昨日のやつ補足。

これがちょっと誤解を招いているようなので補足→Social processとしての証明の受容 - くるるの数学ノート

「物事の把握の仕方」というと大げさすぎますが(というわけでその時点で言葉の選択を間違えていますが)、問題を解こうとするときのスタイルは人それぞれで、むしろ人によって違うからこそ新しい視点が得られるのだと考えています。例えばJustin Mooreはシンプルだけど妙な構造を新しく作ってからそれを通して問題をみてやるというスタイルで、なぜかその新しい構造が異常なほどに本質的だったりします。その発想がどこから来るのかまったく不明でいつもこの人は違うなぁとおもいます。彼との共著の論文で査読者が「この定義のmotivationを書いて欲しい」とか要求してきて、彼なりに一生懸命書いたパラグラフがあるのですが、私を含む凡人には全く意味不明で芸術家の発想と同様にそのすごさをただ堪能するべきだと思ったものです。
それに対して、Paul Larsonは彼が深く理解している強力なツールを軸に問題をそこに落とし込むスタイルですよね。

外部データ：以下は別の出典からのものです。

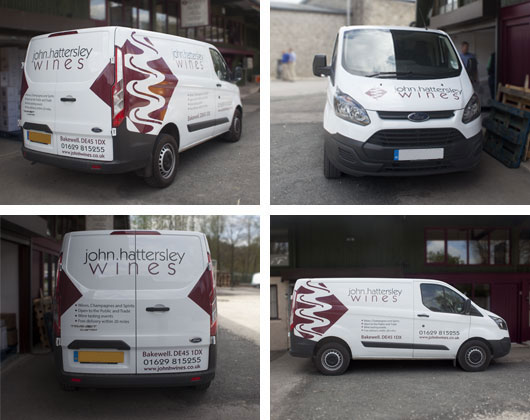 display graphics, vinyl, large format, hattersley, wine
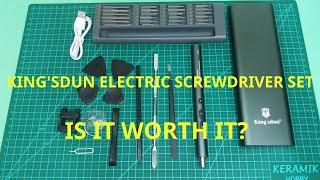 King'sdun electric screwdriver set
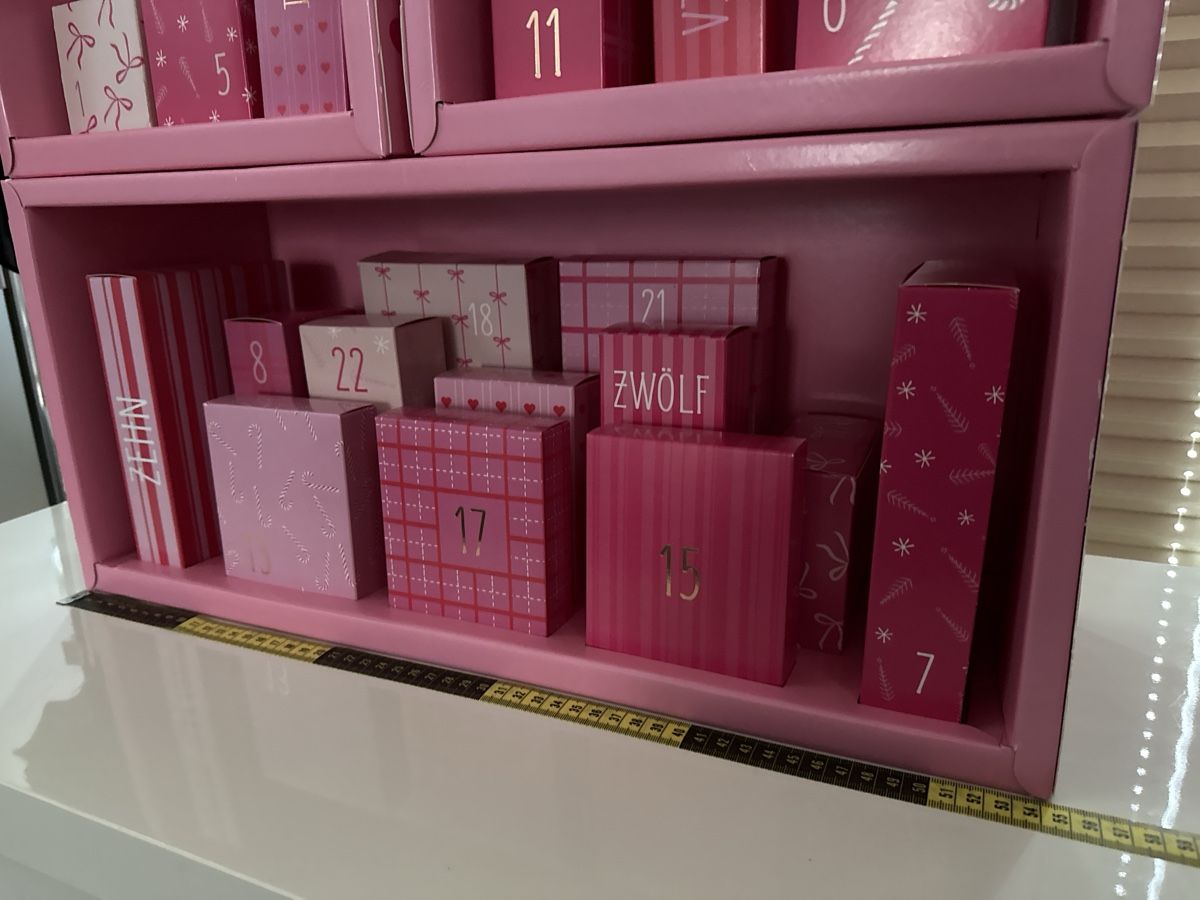 Calendari: Adventskalender pink - rosa – Nuovo (secondo la descrizione) da Basel venduto da jetzt-wird-gemistet 5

まあ、彼はわりと万能なのでパートナーによってずいぶんと違う感じになりますが。最近論文を見ていませんが、Jindra Zapletalなんかはもっと細かい工夫ですり抜けるような感じで。もっと上の年代の人たちについてはよりはっきりと違いがあるように思います。
そういう人たちから比べると、私は大きなシナリオは似た問題ですでに成功されているものから取ってきて、上手くいっていないところを局所的になんとかするような感じです。これはもう、全体の戦略を練れるだけの大局観が無く、全部をみながら詳細をいじり続けられるだけの記憶力が無いという、欠点をカバーする形で出来上がってきたスタイルで、あんまりほめられたものではないです。ついでにいうと、Shelahの実数を付け加えないiterationに関する補題は3回くらい理解しようとして挫折しながら、あちこちで使っているので、「証明を理解していなければダメだ」なんて口が裂けても言えません(ダメじゃん)。えーと、ダメだと私もやっぱり思いますので、誰かわかりやすく書き直してくださいませんか?

というわけで、私としては卑下が95%くらい、残りは「反例も大事だと思うんですけど」という消極的な主張なつもりなわけで、そのように読んでくださると助かります。